Fast-paced human lifestyle has negative consequences for wildlife

Posted 13 May 2019 at 8:10 am

Editor:

When writing about things which really smoke your grits, knowing most people don’t seem to genuinely care about the elderly, our endangered Republic, and/or defenseless wildlife—among others—it can get to one’s “noggin”.

Today, I am focusing on avian victims of speed. Speed kills. It kills birds, reptiles, amphibians, and other “lesser” forms of life, just as it does human beings. Can we afford it?

A handful of your readers know that I earlier reported that several years ago a single vehicle likely killed six young tree swallows in one pass while they mourned what was probably their dead mother while they surrounded her near the side of a “country” road.
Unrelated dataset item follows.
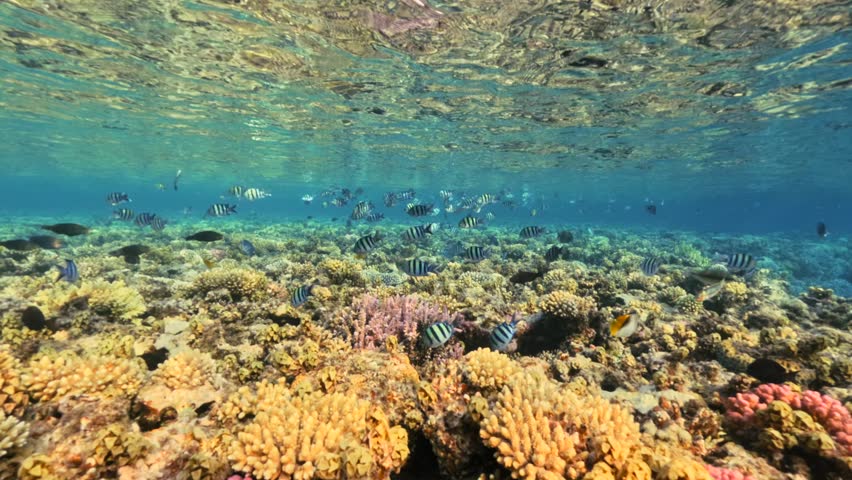 School Of Sergeant Major Fish Above Shallow Coral Reef In Half Underwater View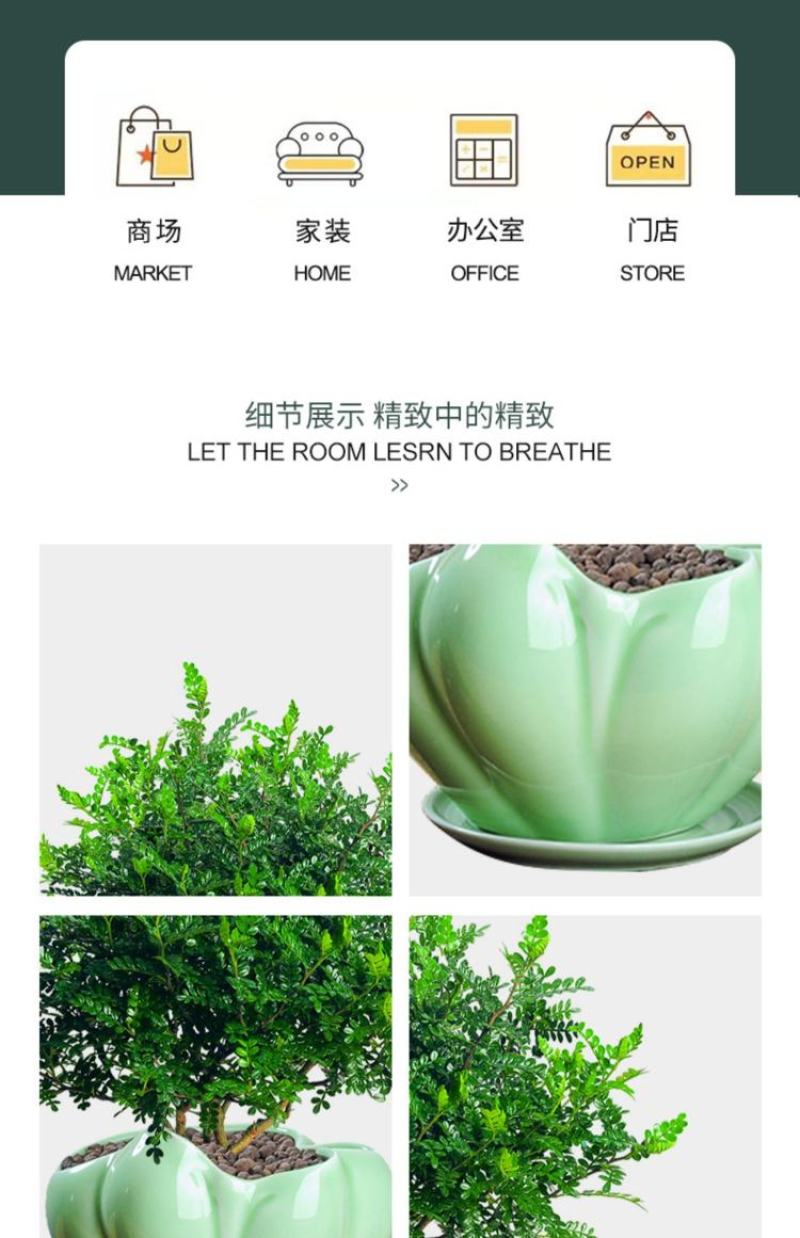 正宗清香胡椒木盆栽防驱蚊草植物好养室内花卉绿植九里香树苗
As I noted about a year ago, North American Bluebird Society President, Bernie Daniel, needed to be told by this “local yokel” three times that a common gallinule was evidently killed by a vehicle not far from our house. It was sent to the Cornell Lab of Ornithology. An incredulous Mr. Daniel told me that the only common gallinule he had ever seen was in Costa Rica.  A Cincinnati-area resident, Daniel also expressed surprise that Orleans County had a fair number of American kestrels, though their numbers appear to have dropped off this year. (For wind turbine advocates, kestrels are cavity nesters, and more turbines will mean fewer of the cavities kestrels and screech owls—among many other birds—require for reproduction.)

Though you are correct, I did not see it, the gallinule mentioned above was almost certainly killed by a vehicle. And it is true that birds are killed by vehicles obeying the speed limits quite often.

While walking our shi-poo, “Tucker”, today, my attention was called to a song sparrow (a native sparrow named for its delightful singing) that had been killed earlier. Did I see a vehicle collide with it? No, I did not, but it, too, is headed to Sapsucker Woods.

Neither did I see the vehicles that snuffed out numerous other native song birds, birds of prey, and even game birds, during my 74-plus years. But it happens a lot. And the faster we drive, the more likely it is to happen.

The faster we do most things—such as mow the grass—the more innocents get killed as a result. In my view, those who are in the biggest hurry to get there (or “git ‘er done”), ordinarily have the least idea of where they are going (or what they are doing).